PROBLEM TO WORK ON:
Copy nothing but the lines from the opening of the entries through the line that contains "restore from recycle bin", exactly as written. Drop the pictures.

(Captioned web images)
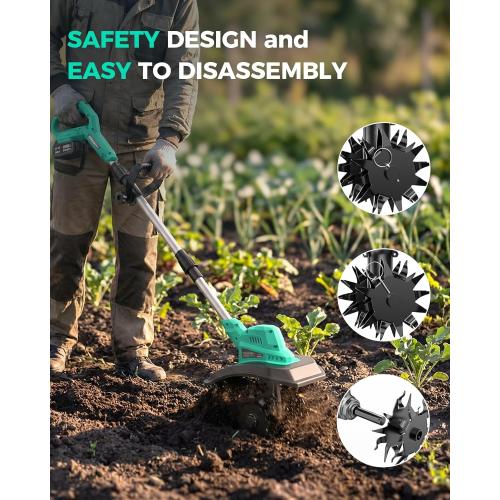 21V Cordless Tiller Cultivator for Gardening, 350 RPM Electric Garden Tiller with 2×3.0Ah Batteries, 9-Inch Tilling Width 7-Inch Depth Lightweight Hand Tiller for Soil Cultivation, Lawn, Composting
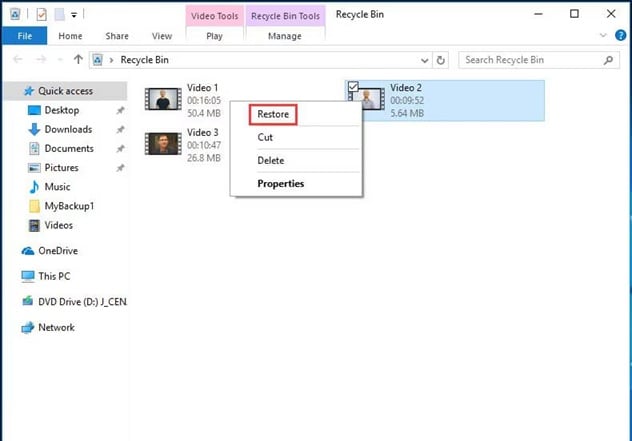 restore from recycle bin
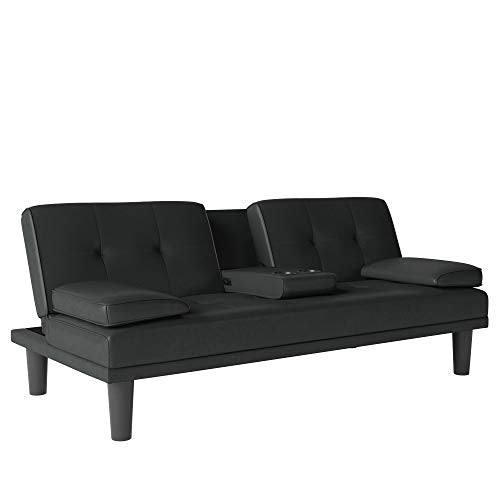 DHP Marley Sofa Sleeper with Cupholder and 2 Pillows, Black Faux Leather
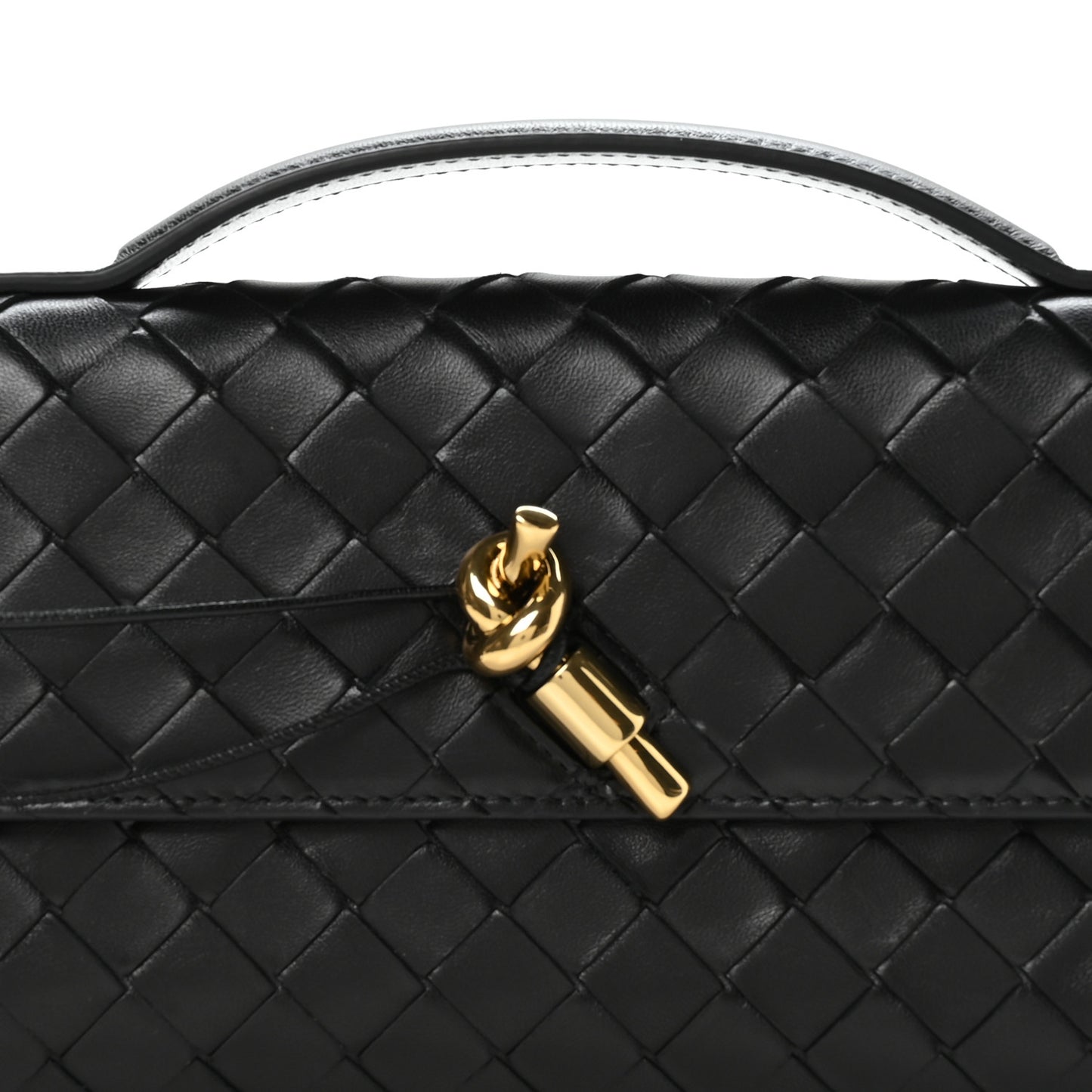 Nappa Intrecciato Long Andiamo Top Handle Clutch Black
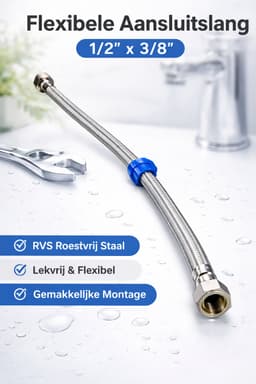 Profielenloods - Aansluitslang flexibel 3/8" Binnendraad x 1/2" Binnendraad Rvs (zilver) 200 mm (20cm) — thumbnail 3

OUTPUT:
 21V Cordless Tiller Cultivator for Gardening, 350 RPM Electric Garden Tiller with 2×3.0Ah Batteries, 9-Inch Tilling Width 7-Inch Depth Lightweight Hand Tiller for Soil Cultivation, Lawn, Composting
 restore from recycle bin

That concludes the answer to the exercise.